Hey Everyone, welcome back to Cool Tool Thursday.
Over the years I have collected a few different pin cushions but always seem to go back to the one I bought years ago in Yellowknife. It has sat by machine, on my sewing table through all kinds of projects and quilting adventures. It has been misplaced under fabric and batting, it has travelled the world going to retreats and classes and it has a piece missing when it didn’t quite make the move to Australia intact.
I am sure that many of you own this very pin cushion and wouldn’t give it up seeing how it keeps pins where they are suppose to be and not on the table or floor. The magnet in the middle is wonderful keeping all the pins in check and away from bare feet and paws. Thank goodness my cat does not have a pin fetish only a thread and fabric fetish.
Yes, I do own other pin cushions. Some have been given to me and others I have bought with great intentions of dividing it into sections for sewing machine needles so I can tell which needle is which. I have no idea who can read the tiny print on those needles to know which one it is – my eyes certainly are not that good.

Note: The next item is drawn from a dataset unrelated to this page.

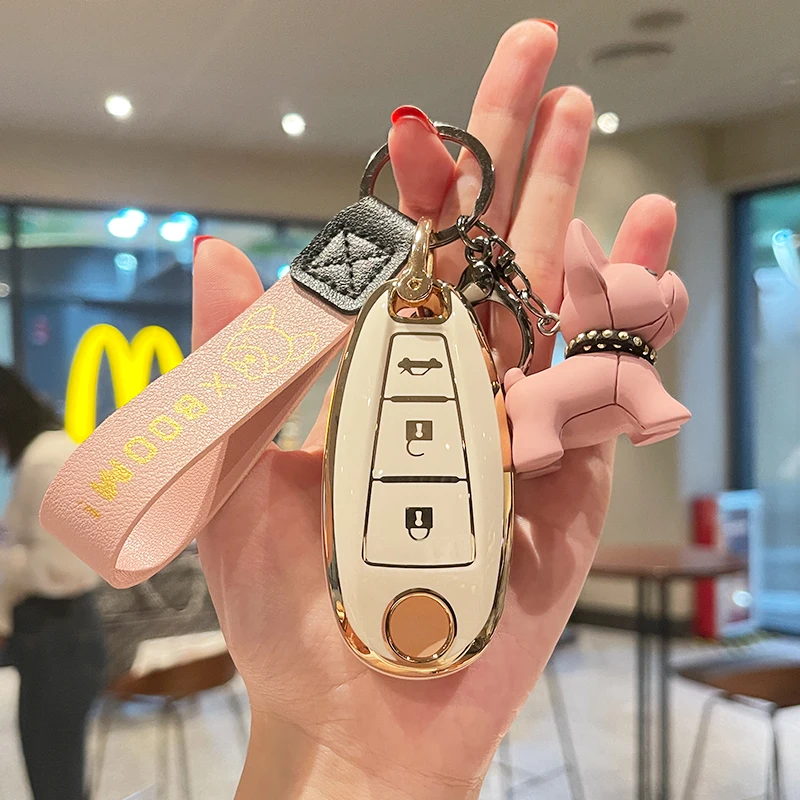 

Bulldog Fashion Car Key Case Cover Shell Fob For Suzuki Baleno Ertiga 2019 Vitara Swift Ignis Kizashi SX4 keychain Accessories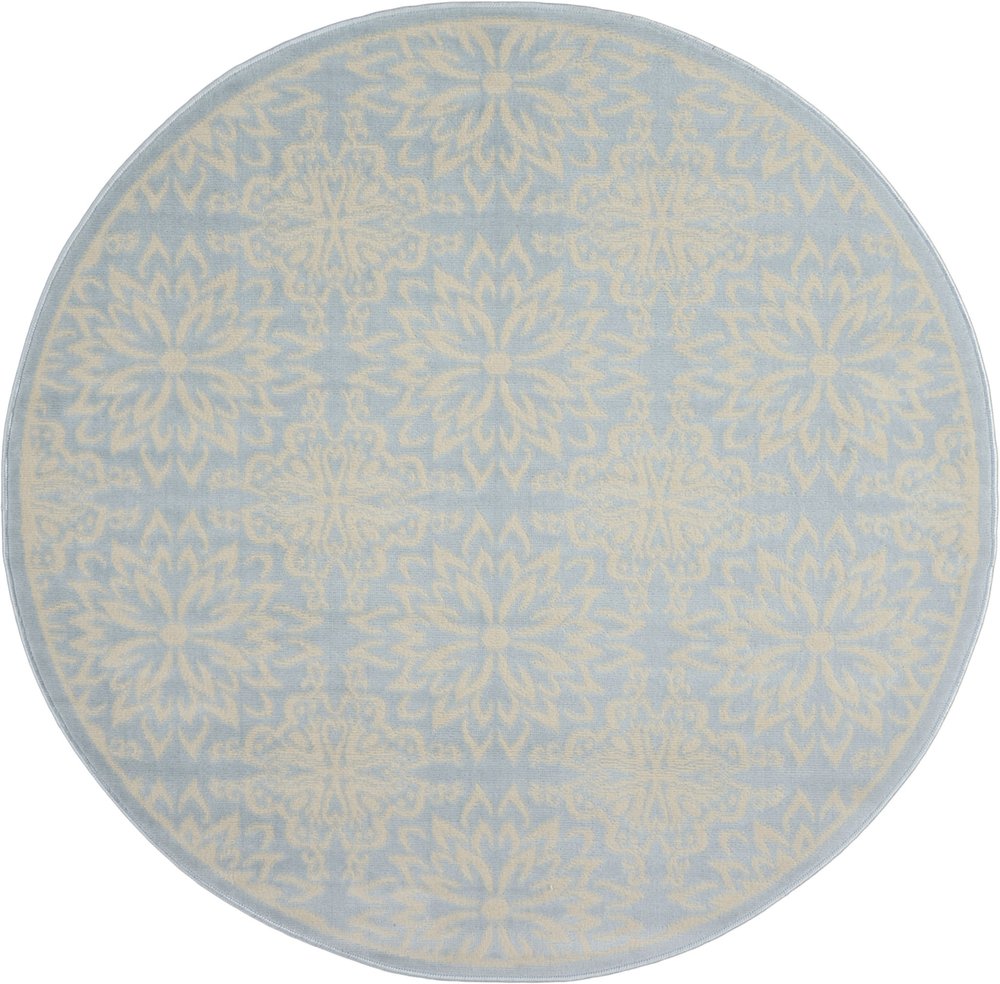 5' Light Blue Round Floral Power Loom Area Rug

The one I bought for this job was a red tomato pin cushion.
I have a felted one which I do use for my hand sewing needles and can easily carry it around the house to whichever chair I decide to sit and sew in. Frostie loves to play with this one as it is round and rolls. The only problem with this one is that if it does fall on the floor the pins can get pushed right down into it making them difficult to retreive.
As child I made pin cushions for my mom and sister out of styrofoam blocks covered with coloured foam and placed inside a popsicle stick enclosure. I suspect most of us made these as a child. I do believe both my mom and sister still have and use them. I guess they were made well with lots of white school glue to hold them together.

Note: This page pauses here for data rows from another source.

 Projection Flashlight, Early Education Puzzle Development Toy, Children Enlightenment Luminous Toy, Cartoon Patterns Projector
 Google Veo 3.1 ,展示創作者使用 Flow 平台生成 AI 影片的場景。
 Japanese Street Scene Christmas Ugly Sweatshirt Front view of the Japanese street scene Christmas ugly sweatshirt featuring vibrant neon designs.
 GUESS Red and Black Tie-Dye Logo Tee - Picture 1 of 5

I also have a lovely home made one from a lady who was my roommate at a recent retreat we attended. The design is cathedral windows and she did a beautiful job. Thanks Monica.

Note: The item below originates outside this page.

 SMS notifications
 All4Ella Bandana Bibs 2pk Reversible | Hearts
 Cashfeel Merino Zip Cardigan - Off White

Thanks to Michael for taking my photos today. He used the back of my Reflected Beauty quilt as the backdrop – works pretty good.
Do you have a special or favourite pin cushion?
Happy Quilting!
The most useful one is the magnetic one and I have that, you can throw pins at it as you take them out when machine. I have a wool one which I love and use for pins, its circular, fat and flat at the top and bottom. The Cathedral Window is one I plan to make from a tutorial on the Moda BakeShop, I wonder if Monica got her pattern from there?
Hi Jan,
Excellent page by the way. Pin cushion was a bit of an accident. I had one of these oil burning candles sitting on my coffee table and I was doing a bit of hand sewing, and I realised that my pins wee sticking to it. they have a magnet in then and they are a perfect pin holder. You also get ones in tins and they are useful for carrying to workshops, also magnetic with a lid. something for nothing.